Émile.


      Sugava o seio materno, sem nenhuma nocividade ou malícia. Depois foi crescendo a ver mulheres e homens nus, andando pela casa, abraçando-se, roçando-se, sem restrição. Maquiagem, vaidade feminina, a puberdade aliciava seu corpo e dentro da sua intuição letárgica, não se importava de conceber o que seria de si. Foi se ocupando por outros casos, que não a própria sexualidade, ignorando-a por completo e agora, tinha cabelos longos, corpo torneado, misturando-se a um escasso cavanhaque. A voz não era decididamente grave ou aguda, tinha seus timbres por hora.
      Iniciou, então, a ver cenas de sexo no lar, entre parentes. O irmão, de 32 anos, esbelto, voz pesada, não permitia que a prima adolescente passasse num estreito corredor, sem uma leve apalpadela nos seios ou tapa nas nádegas. Metia a mão na genitália da moça, desconhecendo pudor, vergonha ou valores morais cristãos. A moça, que aparentava seus 14 anos, não dava sinal de se achar importunada. Tinha ar de meretriz.

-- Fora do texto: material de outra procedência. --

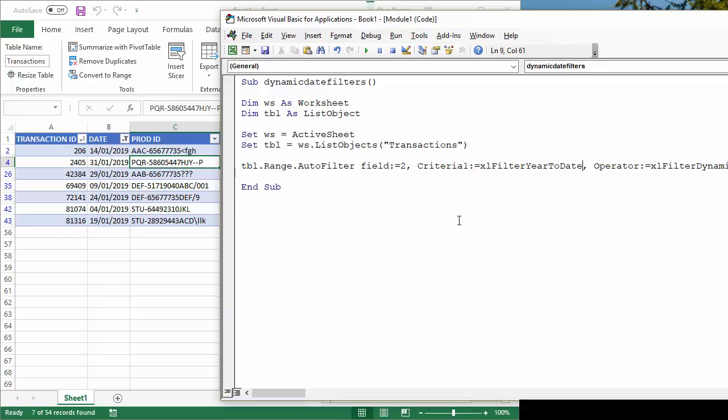So there we are, a couple of options, well, a few options there that you can use with dynamic date filters. Hopefully that's been useful. It's been Justin Tugwell at Blue Pecan Computer Training.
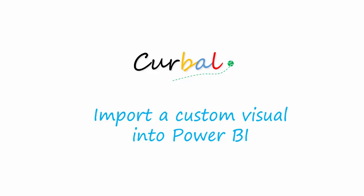Hello, my name is Ruth Pozuelo and I'm from Curbal.com. I'm going to show you today how to import a custom visual into Power BI. So what is a custom visual? Let's look into that first.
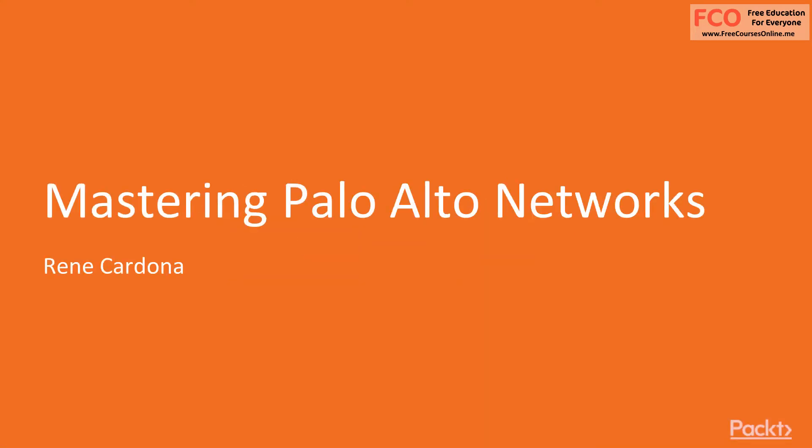Hi everyone, welcome to Mastering Palo Alto Networks. My name is René Cardona. During this course, I will be showing you how you can take full advantage of your Palo Alto firewall. We are going to go over every single feature that this powerful platform can offer you to protect your network from any possible threats.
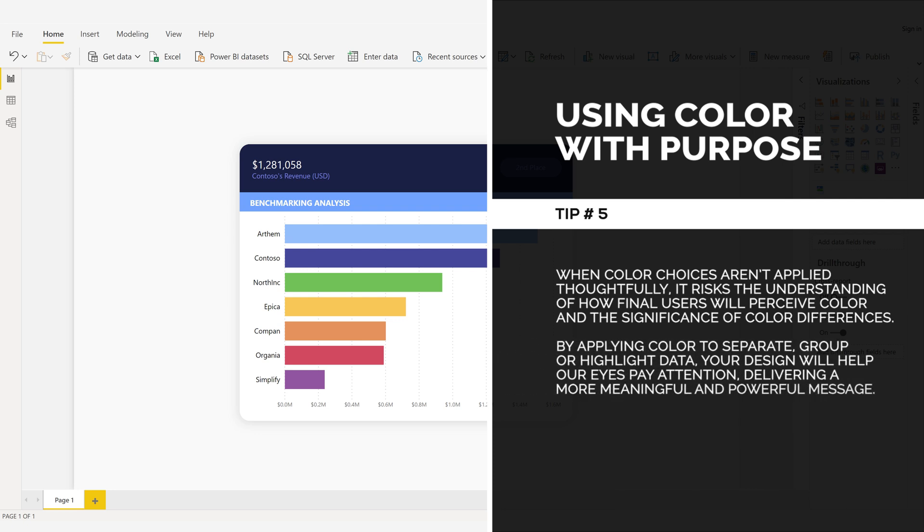By applying color to separate, group, or highlight data, your design will help our eyes pay attention, delivering a more meaningful and powerful message.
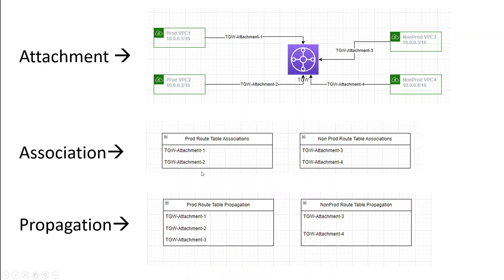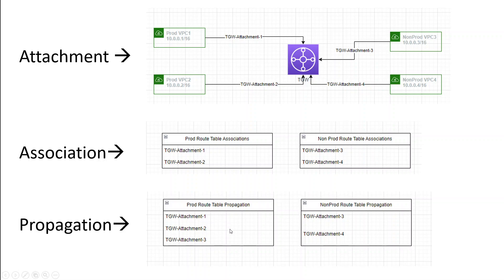What propagation does is it actually populates your route tables with the respective attachment's routes. Another advantage of propagation is that, for example, prod VPC1 and prod VPC2 now want to talk to non-prod VPC3. All we need to do is create a propagation in the prod route table for TGW attachment three, and that is how the route 10.0.0.3/16 will be present in the prod route table. That is how these two VPCs would be able to talk to VPC3, and still they cannot talk to VPC4 because that route is not propagated into this route table.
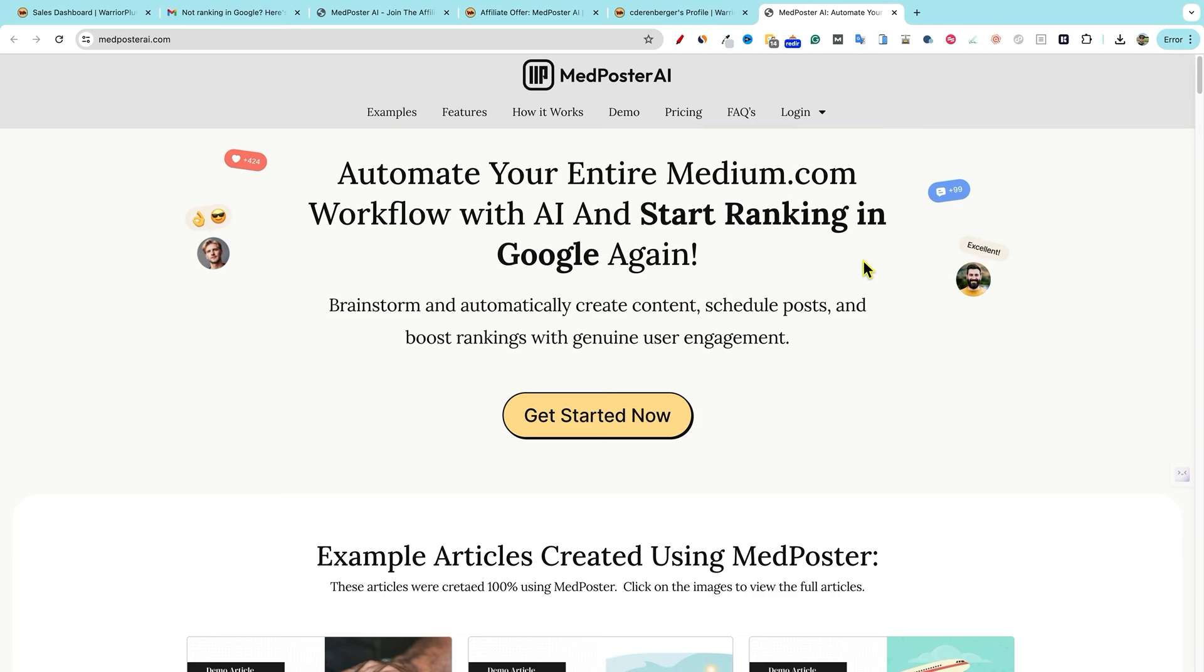Welcome back to LearnWire. We're going to be looking at Med AI. So this is an automation tool that will allow you to use AI to create content and schedule and post content to Medium.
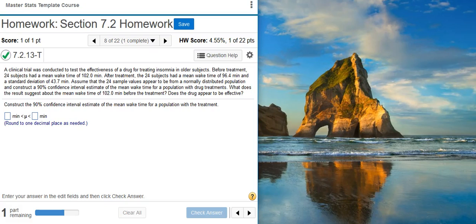Howdy, I'm Professor Curtis of Aspire Mountain Academy here with more statistics homework help. Today we're going to learn how to find and interpret a confidence interval for a population mean when the population standard deviation is unknown.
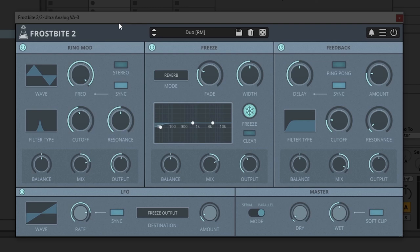So before I dive into these parameters and what they do and how to use them, what I want to do is play you Frostbite on this synth right here. This is the synth sound unaffected. So while it's pretty cool, it definitely could be a lot better, and that's where Frostbite 2 comes in. So let's go ahead and listen to this example on a few different presets and then jump into the actual plugin itself and how to use it.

      Insurgindo à maioridade, já não distinguia os gêneros. A irmã lésbica lhe assediava, debochadamente, esfregando o corpo nu em seu rosto. O irmão galanteador, ora trazia mulheres de torto e direito, ora trazia rapazes atléticos, para passar horas no quarto, a respeito de fraternidade. Ia à escola durante a tarde, e mesmo lá, recebia amolações, que sabia se sobressair, dificultosamente.
      Certo dia tomou conselho de uma madama sábia, muitos diziam ser carola, que existia no subúrbio. Mandou ter fé e paciência, ou excomungar-se de vez. Saiu de nervos à flor da pele, atolando-se ainda mais nos conflitos da sua androginia. Vivia na praia, esparramando-se na areia, meditando sobre o fado e a volúpia.
      Até o dia em que desvirginou. Estivera na castidade, na donzelice de espírito, quando sofrera estupro na rua. Seguia pelo estorvo da lembrança do assédio. À passos rápidos, andava pela rua, até interceptarem-lhe e levarem ao escuro. Esperneou, mas rendeu-se, puerilmente. Em casa, ninguém opinava, nem percebia. Foi amofinando-se, passou a usar cigarros, para aliviar a tensão constante. Não conseguia dormir, por isso, contemplava, sempre, o crepúsculo da manhã.
      Já indo à senilidade, estabilizava-se na insanidade. Nesse infindo conflito de vozes, sensações e dissabores, ia lidando com a vida. Às vezes amargava-se, num copo de cachaça, para esquecer que viveu as memórias lascivas que lhe castigavam. Passou longos cinquenta anos, nessa ambiguidade dissoluta, até que partiu, sem deixar recado, familiar padecente ou recordação amorosa ou de felicidade. Foi-se, pois não se decidiu.